Got rid of this since komodo could give me the same functionality at a high level

Updated (4/17/26)

Added this back to keep some historical logging, especially since I have docker auto rotate logs now. I use it mostly to monitor my snapraid and smart script logs.

Promtail

Another service built by the grafana team that reads and pushes logs from local nodes or servers to a service like loki. This is the only service that I currently run as a daemonset as it would need to be deployed on every node to scrape kubernetes logs. This was really easy to configure having copied a configuration for kubernetes scraping.

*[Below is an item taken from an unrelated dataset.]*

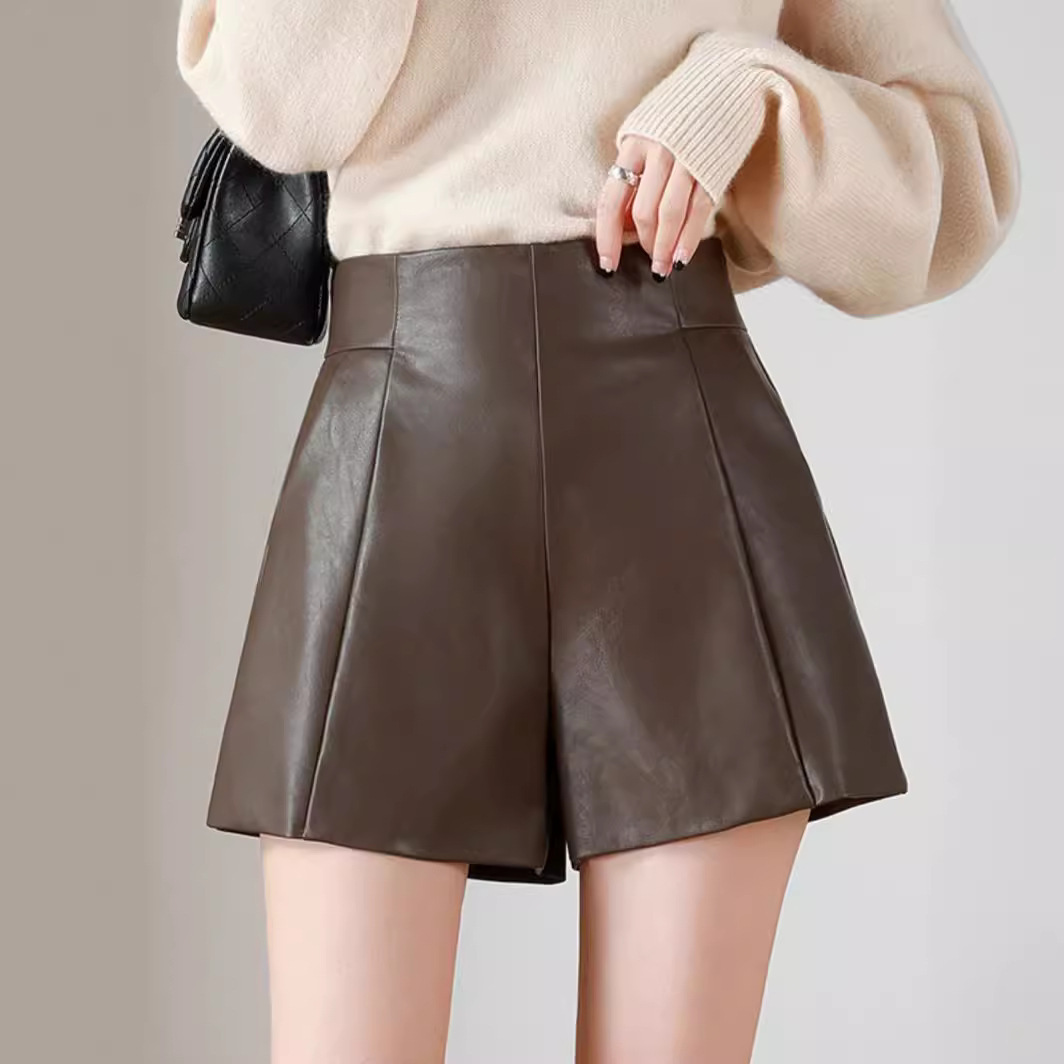 High Waist Leather Shorts Women's 2023 New Arrival Autumn and Winter A- Shaped Slim PU Wide Leg Outer Wear Black Boots Pants for Spring and Autumn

Got rid of this since komodo could give me the same functionality at a high level

Updated (4/17/26)

Added this back to keep some historical logging, especially since I have docker auto rotate logs now. I use it mostly to monitor my snapraid and smart script logs.

SpeedTest Tracker

I forgot when exactly, but there was a point in time where it seemed like the wifi was acting up and speeds were terrible, so I decided to try and get a better understanding of when it happens. In order to do this I wanted to run speedtests every so often on the network, both in the VPN and the Router to see how well the network is performing. Setting this up was really straighforward and almost a set it and forget it setup. I just setup thresholds (which took some time to figure out) to get a notice when internet speeds were really bad. Setting this up to work in the vpn was tricky due to the network dependency on the qbittorrent instance, but I was able to figure this out with recreator.

Uptime Kuma

warning

Deprecated 5/29/25

Another very cool monitoring tool that I use, uptime-kuma continuously ping exposed services to ensure they are up and running. If anything does go down I am able to get notified through discord the application that is not running. I also use it to ensure that there is proper authentication middleware for some of the services I run in case something like authentik or authelia goes down. I can also create status pages that I can share to show users if there is an issue with any service. The only downside to this service is the need to manually add a new check for every new public service, and so it was not the best solution for me as it was something I forget pretty easily to do when setting up new services.

Uptime Robot

This isn't really a self hosted service, but it was a free solution for me to monitor my public services if they every went down. This was extremely useful in knowing if the server went down because all the monitoring I have for it, is hosted on the server itself. It automatically sends me a discord notification if any service goes down and it keeps track of uptime for my services as well.